**What to work on:** Below are the records; give again exactly the line with "Catalog Carrefour săptămâna 27 Pagină 50", the line with "ゼノブレイド2 ヒカリ フィギュア 1", and each line that lies between them, and nothing besides.

**Data for processing:**

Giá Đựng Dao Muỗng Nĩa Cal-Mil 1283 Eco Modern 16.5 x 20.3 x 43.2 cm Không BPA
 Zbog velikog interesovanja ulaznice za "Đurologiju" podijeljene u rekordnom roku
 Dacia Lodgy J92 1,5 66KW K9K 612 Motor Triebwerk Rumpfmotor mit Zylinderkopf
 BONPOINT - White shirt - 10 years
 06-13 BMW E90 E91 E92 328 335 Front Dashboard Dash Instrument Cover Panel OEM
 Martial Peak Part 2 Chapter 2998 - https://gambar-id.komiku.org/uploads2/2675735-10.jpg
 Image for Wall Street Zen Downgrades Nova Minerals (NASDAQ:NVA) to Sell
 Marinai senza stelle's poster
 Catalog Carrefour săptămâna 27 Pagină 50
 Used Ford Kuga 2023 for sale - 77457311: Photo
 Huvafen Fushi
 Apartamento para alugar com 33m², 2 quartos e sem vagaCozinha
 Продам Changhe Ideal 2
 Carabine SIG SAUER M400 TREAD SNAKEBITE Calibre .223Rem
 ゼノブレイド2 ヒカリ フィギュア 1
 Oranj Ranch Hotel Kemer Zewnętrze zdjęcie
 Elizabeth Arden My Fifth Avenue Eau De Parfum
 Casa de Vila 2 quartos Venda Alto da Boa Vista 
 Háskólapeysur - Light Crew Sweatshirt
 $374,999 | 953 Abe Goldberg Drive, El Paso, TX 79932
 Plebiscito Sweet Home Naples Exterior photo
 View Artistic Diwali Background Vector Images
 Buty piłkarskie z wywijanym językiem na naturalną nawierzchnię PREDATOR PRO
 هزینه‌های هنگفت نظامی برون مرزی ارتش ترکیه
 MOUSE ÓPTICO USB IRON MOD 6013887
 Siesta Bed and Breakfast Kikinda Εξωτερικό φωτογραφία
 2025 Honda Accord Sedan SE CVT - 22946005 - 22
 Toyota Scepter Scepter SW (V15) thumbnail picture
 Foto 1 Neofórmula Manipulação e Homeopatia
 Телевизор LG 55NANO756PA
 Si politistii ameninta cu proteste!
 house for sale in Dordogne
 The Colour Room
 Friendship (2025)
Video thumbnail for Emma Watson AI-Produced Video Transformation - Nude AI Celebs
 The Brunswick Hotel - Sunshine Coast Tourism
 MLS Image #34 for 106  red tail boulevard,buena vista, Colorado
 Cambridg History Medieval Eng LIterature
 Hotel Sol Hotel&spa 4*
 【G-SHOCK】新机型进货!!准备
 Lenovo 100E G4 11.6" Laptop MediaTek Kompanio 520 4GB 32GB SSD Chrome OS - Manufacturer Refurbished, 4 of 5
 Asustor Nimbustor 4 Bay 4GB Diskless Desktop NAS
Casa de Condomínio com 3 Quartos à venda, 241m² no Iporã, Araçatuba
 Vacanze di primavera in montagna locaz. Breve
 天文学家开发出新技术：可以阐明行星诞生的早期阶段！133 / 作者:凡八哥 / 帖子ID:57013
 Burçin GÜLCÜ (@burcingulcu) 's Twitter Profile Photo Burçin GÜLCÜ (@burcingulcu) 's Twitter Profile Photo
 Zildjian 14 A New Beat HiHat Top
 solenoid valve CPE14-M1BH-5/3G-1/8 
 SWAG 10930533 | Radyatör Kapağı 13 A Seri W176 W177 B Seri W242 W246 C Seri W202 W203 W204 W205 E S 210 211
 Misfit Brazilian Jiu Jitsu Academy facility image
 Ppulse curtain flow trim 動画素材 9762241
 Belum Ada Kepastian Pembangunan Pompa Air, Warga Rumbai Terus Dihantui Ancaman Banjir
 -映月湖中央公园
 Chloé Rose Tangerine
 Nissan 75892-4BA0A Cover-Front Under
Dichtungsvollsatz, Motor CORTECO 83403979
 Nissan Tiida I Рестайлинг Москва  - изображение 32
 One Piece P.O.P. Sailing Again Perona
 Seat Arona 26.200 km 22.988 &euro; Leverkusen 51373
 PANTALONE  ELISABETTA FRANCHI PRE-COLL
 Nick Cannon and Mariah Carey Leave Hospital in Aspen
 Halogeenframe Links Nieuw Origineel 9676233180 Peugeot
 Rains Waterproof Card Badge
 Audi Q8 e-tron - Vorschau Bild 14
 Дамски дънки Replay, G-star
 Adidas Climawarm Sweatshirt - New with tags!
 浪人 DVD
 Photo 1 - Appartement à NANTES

**Expected output:**
 Catalog Carrefour săptămâna 27 Pagină 50
 Used Ford Kuga 2023 for sale - 77457311: Photo
 Huvafen Fushi
 Apartamento para alugar com 33m², 2 quartos e sem vagaCozinha
 Продам Changhe Ideal 2
 Carabine SIG SAUER M400 TREAD SNAKEBITE Calibre .223Rem
 ゼノブレイド2 ヒカリ フィギュア 1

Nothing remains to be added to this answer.